Exercise description - Please copy the data below exactly; none of the pictures in it belong in the copy.

The data -
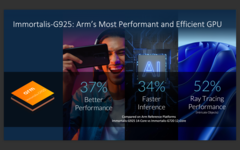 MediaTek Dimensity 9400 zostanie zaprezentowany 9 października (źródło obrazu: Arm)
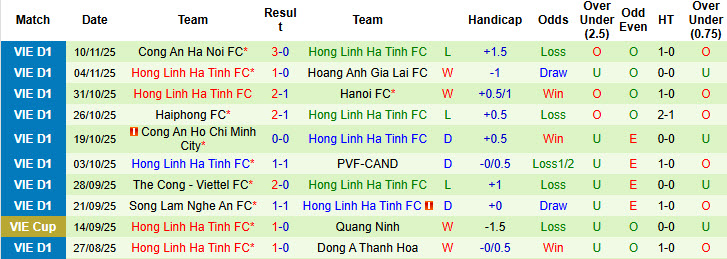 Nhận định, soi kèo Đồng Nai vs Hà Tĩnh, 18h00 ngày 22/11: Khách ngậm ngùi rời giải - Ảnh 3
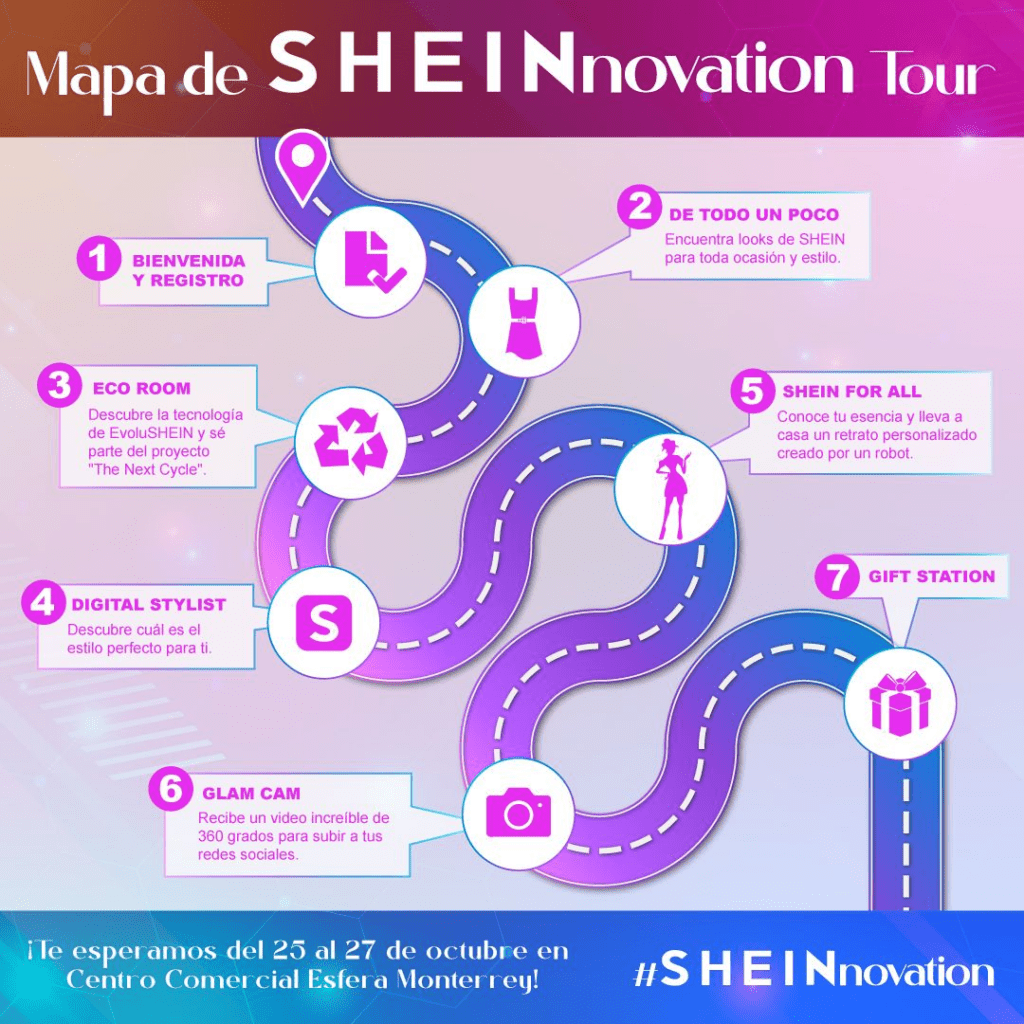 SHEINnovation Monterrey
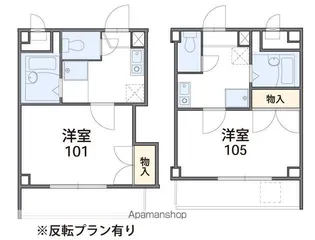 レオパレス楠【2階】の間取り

Your response -
 MediaTek Dimensity 9400 zostanie zaprezentowany 9 października (źródło obrazu: Arm)
 Nhận định, soi kèo Đồng Nai vs Hà Tĩnh, 18h00 ngày 22/11: Khách ngậm ngùi rời giải - Ảnh 3
 SHEINnovation Monterrey
 レオパレス楠【2階】の間取り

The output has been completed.